Rien n’arrive par hasard, mais tout arrive d’après une raison et par nécessité, οὐδὲν χρῆμα μάτην γίνεται, ἀλλὰ πάντα ἐϰ λόγου τε ϰαὶ ὑπ’ ἀνάγϰης. Si l’on prend garde que la « raison » n’est que la loi mécanique et mathématique suivie de toute nécessité par les atomes en mouvement dans le cycle éternel de la production et de la destruction des mondes, on reconnaîtra que la téléologie n’a point de place dans ce système. C’est la plus éclatante défaite de cette « ennemie héréditaire des sciences de la nature, » ainsi que l’appelle Albert Lange. Ce n’est pas le hasard, l’aveugle destin, qui domine toute cette conception, comme on l’a tant de fois répété après Cicéron. Pas plus que l’univers le moindre phénomène n’est l’œuvre du hasard : le monde est gouverné par des lois fatales, expressions abstraites des rapports naturels des choses. Pour que la science pût apparaître, il fallait écarter résolûment toutes les interprétations anthropomorphiques et religieuses de la nature, il fallait bannir sans pitié du gouvernement de l’univers les intentions morales et les vues rationnelles de l’homme, en un mot, il fallait exorciser jusqu’au fantôme des causes finales. Aristote s’en plaint ; Bacon y applaudit. Tant que le divin ou le surnaturel intervient en quoi que ce soit dans les événements du monde, il n’y a point de science de la nature. Croire à une finalité de l’univers, à un idéal qui se réalise, à une conscience qui se fait, à une loi de développement interne des choses, c’est encore croire aux miracles. Quand la foudre éclatait dans les cieux embrasés, quand les comètes[1] apparaissaient, que le soleil ou la lune s’éclipsait, dit Démocrite, les hommes des anciens jours s’effrayaient, convaincus que les dieux étaient les auteurs de ces prodiges, θεοὺς οἰόμενοι τούτων αἰτίους εἶναι.

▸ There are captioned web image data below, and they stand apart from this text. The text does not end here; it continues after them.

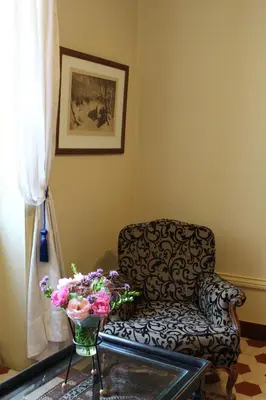 Coin salon dans l'établissement Château de Prety - Maison d'Hôtes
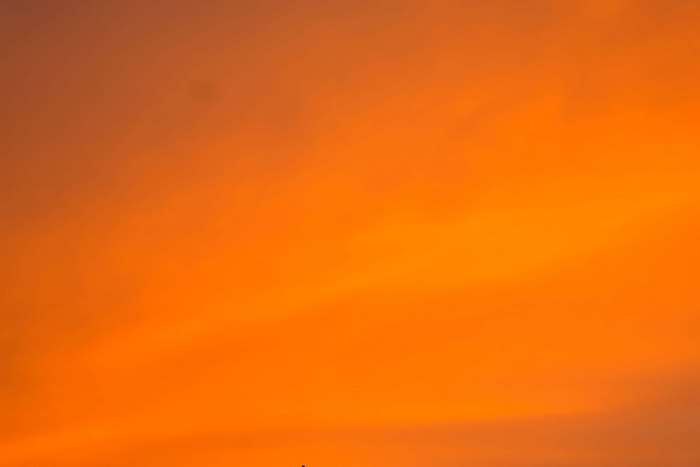 Orange sunset sky with clouds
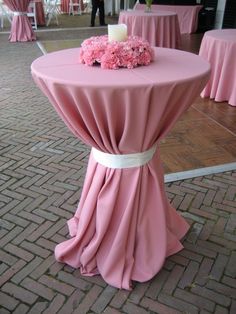 a table with pink cloth and flowers on it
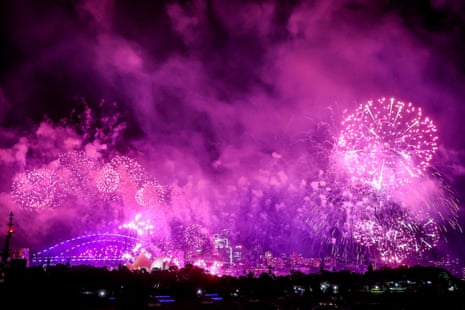 Fireworks explode over the Sydney Harbour Bridge and Sydney Opera House during New Year’s Eve celebrations.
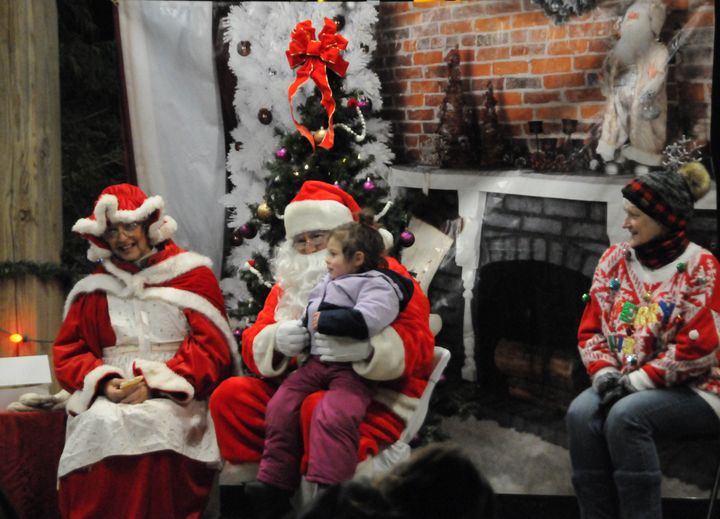 SANTA heard the wishes from many children at Triangle Park in Calais following the Christmas parade sponsored by the Calais Lioness Club on December 2. (Edward French photo)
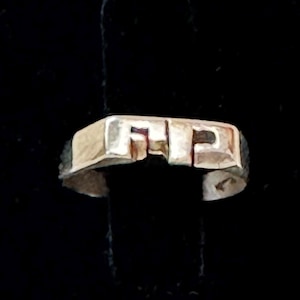 May include: A silver-toned ring with the letters "FP" in a blocky font. The ring is set against a black background, highlighting its geometric design. The ring's surface appears slightly textured, adding to its unique appeal.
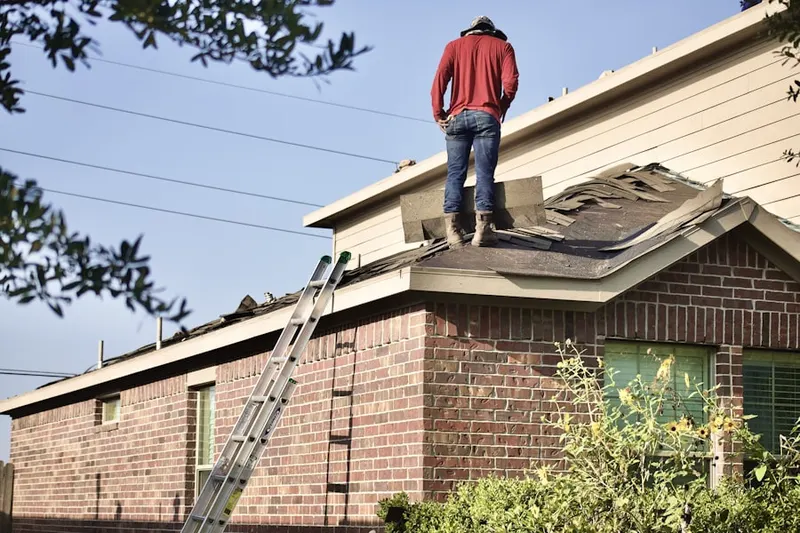 Professional roofer working on a residential roof in Downtown Haverhill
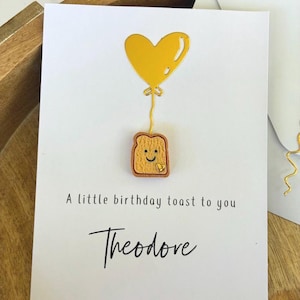 Puede incluir: Tarjeta de felicitación blanca con un globo en forma de corazón amarillo y una ilustración de una tostada sonriente. El texto "A little birthday toast to you" y el nombre "Theodore" están escritos en cursiva.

Rien n’existe véritablement que l’atome et le vide, ἐτεῇ δὲ ἄτομα ϰαὶ ϰενόν. « On a ici, écrit Lange, en une seule proposition, le côté fort et le côté faible de toute atomistique. » Il rappelle que le fondement de toute explication rationnelle de la nature, de toutes les grandes découvertes des temps modernes, a été la réduction des phénomènes au mouvement des plus petites particules de la matière. Nul doute que, sans la réaction contre les recherches naturelles qui partit d’Athènes, et que personnifie Socrate, l’antiquité ne fût arrivée, sur cette voie qu’elle avait trouvée, à d’importants résultats. C’est par l’atomisme qu’on explique encore aujourd’hui les lois du son, de la lumière, de la chaleur, des actions nerveuses, bref, de tous les changements chimiques et physiques que subissent les choses. Mais, aussi peu aujourd’hui qu’à l’époque de Démocrite, on ne saurait

  1. C’est ainsi qu’il faut traduire ici ἄστρων συνόδους, v. Ed. Zeller, Die Philos. der Griechen, p. 756. Cf. p. 724.